I don't see the point of this. You answered your own question.


----------



## Emerson (Mar 13, 2011)

I don't doubt that you love your dog...

But to compare it to the love a mother has for her child, really? Come on, get some perspective.


----------



## The Nth Doctor (May 18, 2012)

I read all I could find on dogs last year when I was saving up for mine, and found that there are a lot of people who leave their dog inside while they're at work. If you're going home during your lunch break she wouldn't be in the house continuously for much longer than usual, right?

It doesn't seem like being in an apartment would be much different than being in a house for a dog who's at home alone. If she's small she'll probably still have plenty of room to run around if she wants to, but I know my dog mostly sleeps or chews on toys when I'm away anyways.

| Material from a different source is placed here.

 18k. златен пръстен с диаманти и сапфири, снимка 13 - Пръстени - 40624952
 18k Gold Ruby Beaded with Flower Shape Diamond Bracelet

Have you thought of getting a few mental stimulation type toys for her? Like a kong, ball that she has to roll around to get kibble out of, etc. 

Good luck with your situation.


----------



## CrabbyPaws (Mar 5, 2012)

That is a bit long to leave your dog and it might get a little sad, but I am sure it will be okay if you give your dog a lot of stimulation when you get back and attention, and like others said - make sure there are things in the house to keep her happy and have something to do. But what are you going to do about potty?


----------



## Eddy Stylez (Aug 26, 2011)

Well things have changed now and it looks like I won't be able to live with my mother at all now, and I'm probably going to be in a homeless shelter, and will lose my dog...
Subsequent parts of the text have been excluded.